52% of British voters have done the unthinkable and given our EU friends a major slap in the face, and there now begins a long period of uncertainty for all of us. The Conservative party has a great deal to answer for. The referendum campaign was badly fought on both sides so the electorate voted according to their own often blinkered and ignorant view blaming all our woes on the EU.
Immigration, widely misunderstood and whipped up by the gutter press, is what probably sealed the Remain camp’s fate. One of the central EU tenets is the free movement of people, and if a member state’s economy is less healthy, its citizens can go elsewhere to find work, and pay taxes. The British economy is healthy and has naturally attracted people, but the British are at equal liberty to work in Europe in similar circumstances. However Britain’s “Island Race” mentality often doesn’t get it.

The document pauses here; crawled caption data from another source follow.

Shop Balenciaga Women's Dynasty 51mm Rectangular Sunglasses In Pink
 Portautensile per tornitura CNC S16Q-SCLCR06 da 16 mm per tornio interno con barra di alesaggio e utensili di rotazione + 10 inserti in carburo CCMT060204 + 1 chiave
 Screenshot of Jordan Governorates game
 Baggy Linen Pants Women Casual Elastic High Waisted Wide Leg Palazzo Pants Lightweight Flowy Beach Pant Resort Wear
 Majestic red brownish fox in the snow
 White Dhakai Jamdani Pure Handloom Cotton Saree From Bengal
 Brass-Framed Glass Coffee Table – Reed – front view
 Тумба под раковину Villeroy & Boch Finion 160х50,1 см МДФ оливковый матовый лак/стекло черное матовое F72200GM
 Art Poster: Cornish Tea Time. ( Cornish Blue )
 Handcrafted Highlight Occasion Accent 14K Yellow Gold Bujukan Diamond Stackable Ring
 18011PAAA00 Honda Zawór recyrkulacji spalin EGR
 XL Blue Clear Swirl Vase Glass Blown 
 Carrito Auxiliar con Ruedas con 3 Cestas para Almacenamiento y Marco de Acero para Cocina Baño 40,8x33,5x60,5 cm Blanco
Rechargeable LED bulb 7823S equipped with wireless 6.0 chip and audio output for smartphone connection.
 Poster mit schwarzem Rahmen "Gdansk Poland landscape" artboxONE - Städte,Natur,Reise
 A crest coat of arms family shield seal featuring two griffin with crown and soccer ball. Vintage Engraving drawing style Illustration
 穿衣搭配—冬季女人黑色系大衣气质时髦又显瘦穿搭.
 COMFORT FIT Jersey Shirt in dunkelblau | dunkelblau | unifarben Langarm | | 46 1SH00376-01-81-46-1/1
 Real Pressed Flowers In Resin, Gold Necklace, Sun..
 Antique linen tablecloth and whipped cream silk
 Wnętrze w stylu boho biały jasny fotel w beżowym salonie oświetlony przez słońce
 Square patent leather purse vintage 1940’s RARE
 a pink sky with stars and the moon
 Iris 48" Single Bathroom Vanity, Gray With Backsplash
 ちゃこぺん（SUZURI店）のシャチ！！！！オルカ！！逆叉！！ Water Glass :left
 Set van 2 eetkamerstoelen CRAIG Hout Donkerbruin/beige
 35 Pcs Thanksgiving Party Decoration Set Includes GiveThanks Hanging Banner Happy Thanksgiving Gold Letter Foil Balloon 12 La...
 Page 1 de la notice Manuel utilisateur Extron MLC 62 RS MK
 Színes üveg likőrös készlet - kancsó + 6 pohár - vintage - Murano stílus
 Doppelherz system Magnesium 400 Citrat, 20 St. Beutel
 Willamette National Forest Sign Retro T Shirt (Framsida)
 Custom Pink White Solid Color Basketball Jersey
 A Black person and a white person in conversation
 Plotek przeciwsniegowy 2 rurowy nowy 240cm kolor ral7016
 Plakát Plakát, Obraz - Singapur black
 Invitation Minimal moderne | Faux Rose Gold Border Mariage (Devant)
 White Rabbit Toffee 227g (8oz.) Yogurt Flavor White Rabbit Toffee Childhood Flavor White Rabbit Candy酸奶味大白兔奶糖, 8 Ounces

But not all of Britain wanted to leave the EU. Northern Ireland and Scotland have always embraced its ideals and voted strongly to remain, as did London. I am from Scotland’s capital, Edinburgh, which is home to some 30,000 Spaniards, among other EU nationalities who have always been welcome and contributed much to the city and its cosmopolitan atmosphere, but now they are worried that they are suddenly no longer welcome, and that is an uncomfortable feeling. The Scottish Government, which has clearly stated that they are welcome, has already started talks to do all it can to remain in the EU, which may require an independence vote. That would break up the UK, the last thing the Conservative party wants, but you reap what you sow.
To misquote Monty Python, “What has the EU done for us?” A lot, actually. Europe has provided decades of peace, nearly 60% of our trade, huge infrastructure investment, security, food and drink standards, trade, workplace and environmental protection and much, much more. It has fostered a more global outlook and friendship, cultural exchange and trust among member states and their people. But it is not perfect, realistically it can’t be; there is an inevitably large bureaucracy and much reform is needed, but the good outweighs the bad, and the only way it can be reformed is from within.
I fervently hope that an independent Scotland can somehow remain, sharing and contributing to the European ideal with our friends on the continent, and continuing to ship Sherry without any new English taxes.